PABLO PICASSO 1881-1973
Cadre en bois sculpté et doré XVIIe siècle, Italie
50 x 58 cm (avec cadre)
Exécuté le 24 janvier 1954, notre dessin à l'encre de Chine fait partie d'une série importante réalisée par Picasso pour la revue artistique et littéraire Verve, fondée par l'éditeur Estafros Tériade en 1937. Cette revue a publié vingt-six numéros entre 1937 et 1960, mettant en avant les artistes et écrivains français les plus éminents du XXe siècle. En septembre 1954, un double numéro consacré à Pablo Picasso est publié, présentant 180 dessins de l'artiste, tous réalisés en à peine plus de deux mois entre le 28 novembre 1953 et le 3 février 1954. Ces dessins témoignent de la production artistique intense de Picasso à cette époque, après sa rupture avec Françoise Gilot, qui l'a quitté en emportant leurs deux enfants. Se retrouvant seul à Vallauris, Picasso s'est laissé emporter par la création de cette série de dessins. Ces œuvres, représentant tour à tour le peintre et son modèle dans l'atelier, un homme et une femme face à face, ainsi que d'autres personnages dans des situations parfois comiques et mordantes, évoquent des ambiances de cirque ou de théâtre. Tériade a décrit cette série de Picasso comme "le journal, non verbal mais visuel, d'une détestable 'saison en enfer', une crise dans sa vie personnelle qui l'a amené à tout remettre en question".
Dans notre œuvre, Picasso dessine deux personnages nus et de face, portant des masques antiques. Ces masques rappellent ceux utilisés dans le théâtre de la Grèce antique pour donner des caractères spécifiques aux visages des acteurs. Picasso se réfère ici à la tragédie antique pour exprimer ses sentiments. Recueil d’émotions de l’artiste, ce dessin lui sert d’exutoire. Il est difficile de ne pas voir dans cette mise en scène un commentaire critique et ironique sur la fausseté des relations amoureuses. Tout au long de sa carrière, Picasso livre au papier ses émotions et ses inventions comme il l'aurait fait avec un journal intime : "Évidemment on ne sait jamais ce qu'on va dessiner... mais quand on commence à le faire naît une histoire, une idée... et ça y est.

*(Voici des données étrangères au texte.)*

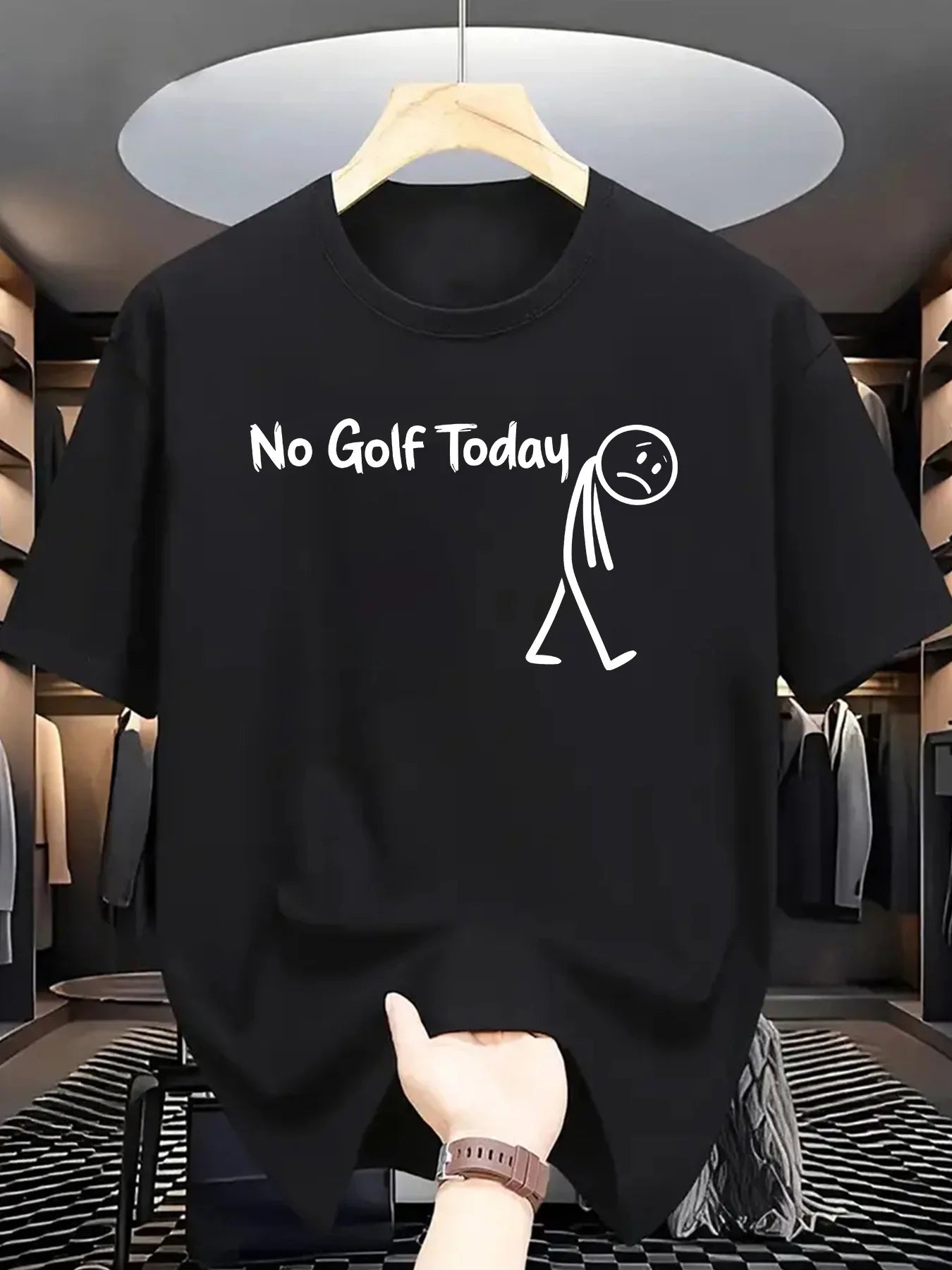 Funny "No Golf Today" Graphic T-Shirt Light Purple Casual for Golfers Everyday Weekend Outfits Breathable Round Neck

Ensuite l'histoire grandit, comme au théâtre, comme dans la vie... et le dessin se transforme en d'autres dessins, en un véritable roman. C'est très distrayant, crois-moi. Moi au moins je m'amuse énormément, en inventant des choses et je passe des heures entières, pendant que je dessine, à voir, à penser ce que font mes personnages. Dans le fond, c'est une manière d'écrire des histoires".
Catalogues
Verve: Revue Artistique et Littéraire, N° 29 & 30, Paris, 1954, illustré.
Christian Zervos, Pablo Picasso, Œuvres de 1953 à 1955, Paris, 1965, Vol. 16, n° 218, illustré p. 70.
Picasso Project, Paintings, Watercolors, drawings and sculpture. A comprehensive illustrated catalogue 1885 – 1973. The Fifties I – 1950 – 1955, Alan Wofsky Fine Art, San Francisco 2021, illustré sous le n° 54-118 p. 246.